### WORK TO BE COMPLETED
Copy out each line of the material exactly. Pictures do not belong in the copy.

### DATA EXTRACT
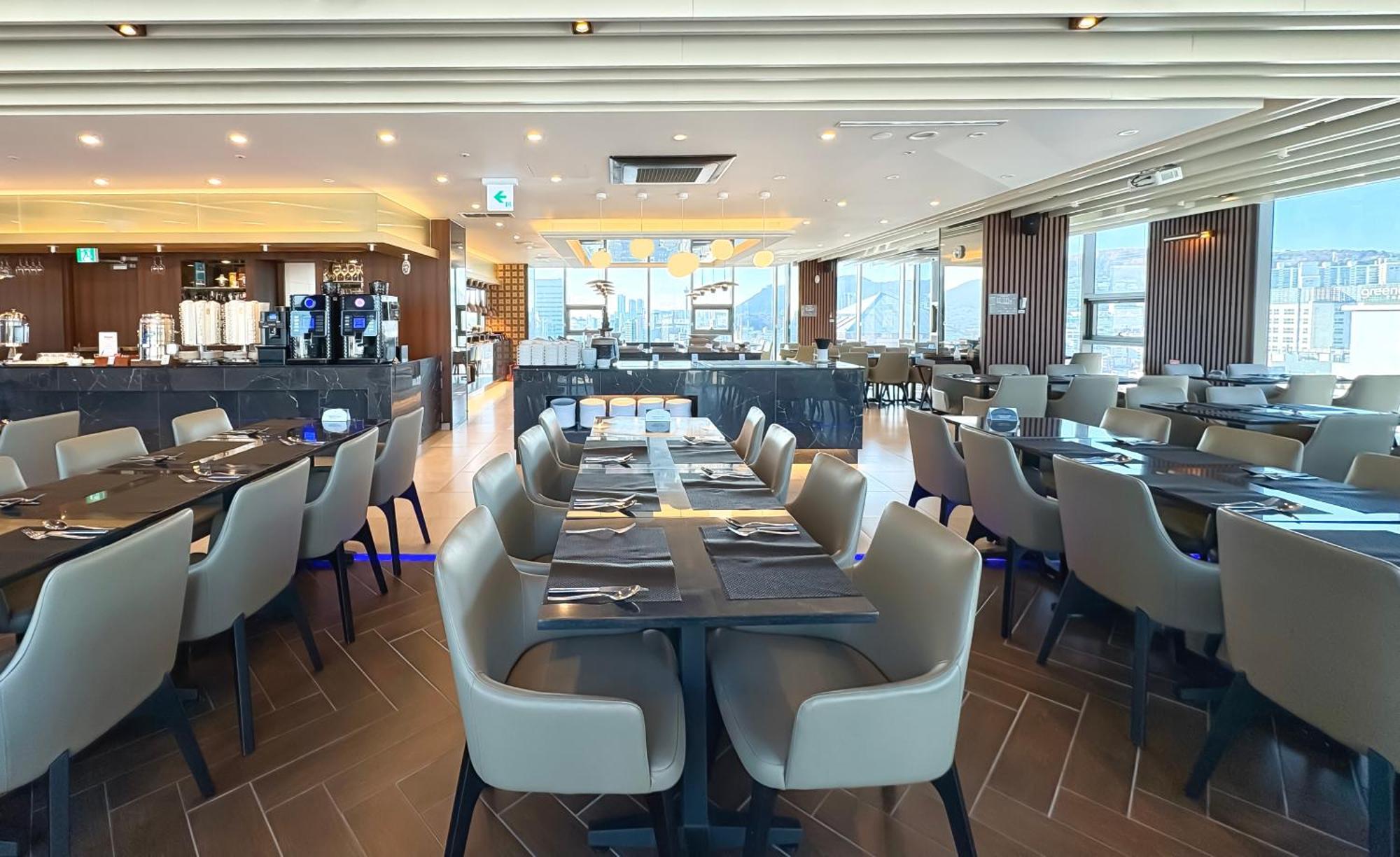 Ramada Encore By Wyndham Busan Station Exterior photo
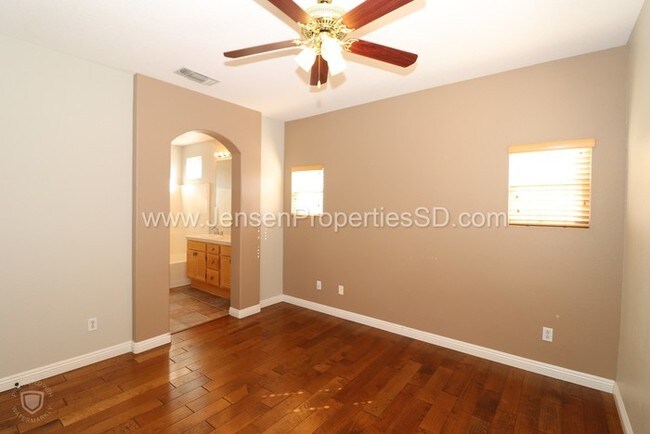 Building Photo - 2 Bed, 2 Bath Townhome w/ Garage and Laundry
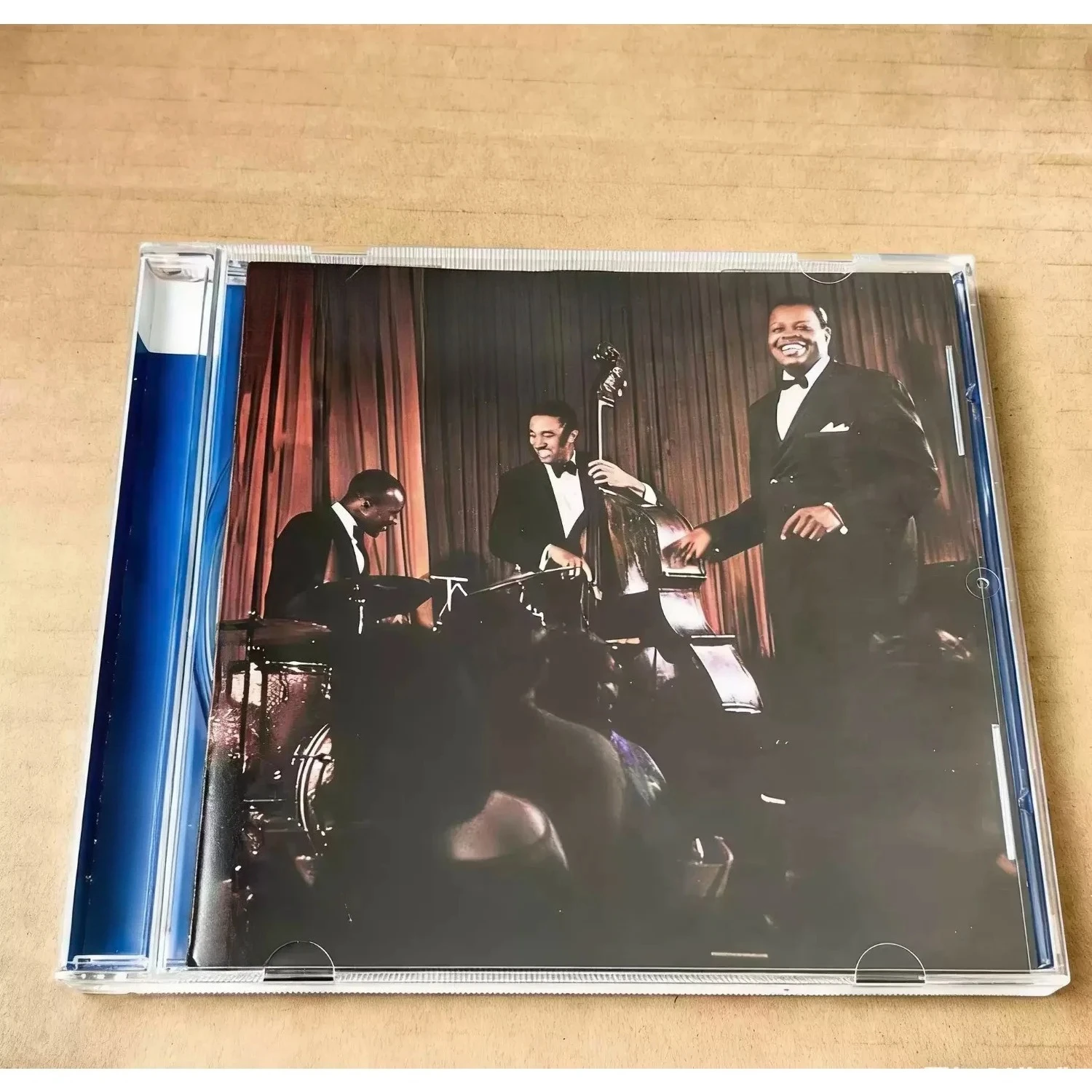 Album de jazz Piano Trio classique, couverture photo noir et blanc d'une performance live vintage, CD de collection audiophile remasterisé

### REPLY TO THE EXERCISE
 Ramada Encore By Wyndham Busan Station Exterior photo
 Building Photo - 2 Bed, 2 Bath Townhome w/ Garage and Laundry
 Album de jazz Piano Trio classique, couverture photo noir et blanc d'une performance live vintage, CD de collection audiophile remasterisé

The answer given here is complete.